[Stored dataset items]

+++

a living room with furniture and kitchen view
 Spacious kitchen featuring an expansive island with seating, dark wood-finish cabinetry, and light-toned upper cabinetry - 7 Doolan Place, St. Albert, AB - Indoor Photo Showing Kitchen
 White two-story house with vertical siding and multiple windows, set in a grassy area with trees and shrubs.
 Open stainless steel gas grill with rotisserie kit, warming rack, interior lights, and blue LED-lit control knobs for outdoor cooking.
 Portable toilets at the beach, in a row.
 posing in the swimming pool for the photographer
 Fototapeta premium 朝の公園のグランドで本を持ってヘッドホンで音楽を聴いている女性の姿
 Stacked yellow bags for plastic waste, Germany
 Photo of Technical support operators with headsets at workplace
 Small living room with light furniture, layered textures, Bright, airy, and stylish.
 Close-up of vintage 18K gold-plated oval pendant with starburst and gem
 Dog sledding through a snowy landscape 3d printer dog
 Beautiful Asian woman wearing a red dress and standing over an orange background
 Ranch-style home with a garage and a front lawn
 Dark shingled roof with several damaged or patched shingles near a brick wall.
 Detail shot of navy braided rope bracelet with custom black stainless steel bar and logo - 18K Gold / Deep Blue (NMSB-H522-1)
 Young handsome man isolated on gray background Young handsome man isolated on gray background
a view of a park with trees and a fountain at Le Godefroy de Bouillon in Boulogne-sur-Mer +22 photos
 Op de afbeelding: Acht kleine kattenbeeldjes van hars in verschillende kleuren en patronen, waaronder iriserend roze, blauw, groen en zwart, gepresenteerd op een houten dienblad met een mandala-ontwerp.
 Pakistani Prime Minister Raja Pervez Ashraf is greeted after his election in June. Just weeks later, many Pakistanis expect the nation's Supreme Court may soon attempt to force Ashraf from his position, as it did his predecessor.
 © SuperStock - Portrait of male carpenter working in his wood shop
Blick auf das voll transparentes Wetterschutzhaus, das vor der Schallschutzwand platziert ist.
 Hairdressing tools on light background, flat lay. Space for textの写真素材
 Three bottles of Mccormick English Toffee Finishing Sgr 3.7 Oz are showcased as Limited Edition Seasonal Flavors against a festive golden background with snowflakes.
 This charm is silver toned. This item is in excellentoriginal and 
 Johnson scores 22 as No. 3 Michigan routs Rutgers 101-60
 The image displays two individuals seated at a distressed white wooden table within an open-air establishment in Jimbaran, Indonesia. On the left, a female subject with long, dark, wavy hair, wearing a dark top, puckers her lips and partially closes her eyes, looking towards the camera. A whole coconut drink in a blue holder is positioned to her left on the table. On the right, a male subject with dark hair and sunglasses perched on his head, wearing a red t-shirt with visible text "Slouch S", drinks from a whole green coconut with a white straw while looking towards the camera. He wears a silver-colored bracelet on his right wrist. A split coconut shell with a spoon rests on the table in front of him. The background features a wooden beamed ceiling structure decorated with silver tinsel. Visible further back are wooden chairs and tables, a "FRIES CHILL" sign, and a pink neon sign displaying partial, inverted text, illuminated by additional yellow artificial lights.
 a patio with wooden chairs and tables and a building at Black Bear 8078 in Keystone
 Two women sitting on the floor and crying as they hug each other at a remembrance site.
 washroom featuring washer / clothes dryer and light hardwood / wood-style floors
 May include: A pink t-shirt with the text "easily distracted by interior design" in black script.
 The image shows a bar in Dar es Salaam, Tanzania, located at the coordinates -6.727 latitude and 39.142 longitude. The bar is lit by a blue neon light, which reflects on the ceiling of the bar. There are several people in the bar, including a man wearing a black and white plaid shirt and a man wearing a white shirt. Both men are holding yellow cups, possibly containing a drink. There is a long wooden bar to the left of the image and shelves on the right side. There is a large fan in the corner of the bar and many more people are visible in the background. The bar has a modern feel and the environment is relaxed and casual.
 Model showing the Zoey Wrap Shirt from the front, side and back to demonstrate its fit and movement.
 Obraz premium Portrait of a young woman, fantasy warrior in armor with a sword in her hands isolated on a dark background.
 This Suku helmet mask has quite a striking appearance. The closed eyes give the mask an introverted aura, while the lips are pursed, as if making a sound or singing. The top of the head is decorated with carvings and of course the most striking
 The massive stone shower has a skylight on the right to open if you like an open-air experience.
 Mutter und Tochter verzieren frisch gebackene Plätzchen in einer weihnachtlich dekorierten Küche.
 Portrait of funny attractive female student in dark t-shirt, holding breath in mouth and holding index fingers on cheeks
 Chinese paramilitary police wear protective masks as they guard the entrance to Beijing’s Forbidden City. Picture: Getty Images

+++

§ Task directions
What you give back should be exactly the lines of the data above from the line with "Fototapeta premium 朝の公園のグランドで本を持ってヘッドホンで音楽を聴いている女性の姿" through the line with "Op de afbeelding: Acht", both of those included, and nothing more.

§ Solution
 Fototapeta premium 朝の公園のグランドで本を持ってヘッドホンで音楽を聴いている女性の姿
 Stacked yellow bags for plastic waste, Germany
 Photo of Technical support operators with headsets at workplace
 Small living room with light furniture, layered textures, Bright, airy, and stylish.
 Close-up of vintage 18K gold-plated oval pendant with starburst and gem
 Dog sledding through a snowy landscape 3d printer dog
 Beautiful Asian woman wearing a red dress and standing over an orange background
 Ranch-style home with a garage and a front lawn
 Dark shingled roof with several damaged or patched shingles near a brick wall.
 Detail shot of navy braided rope bracelet with custom black stainless steel bar and logo - 18K Gold / Deep Blue (NMSB-H522-1)
 Young handsome man isolated on gray background Young handsome man isolated on gray background
a view of a park with trees and a fountain at Le Godefroy de Bouillon in Boulogne-sur-Mer +22 photos
 Op de afbeelding: Acht kleine kattenbeeldjes van hars in verschillende kleuren en patronen, waaronder iriserend roze, blauw, groen en zwart, gepresenteerd op een houten dienblad met een mandala-ontwerp.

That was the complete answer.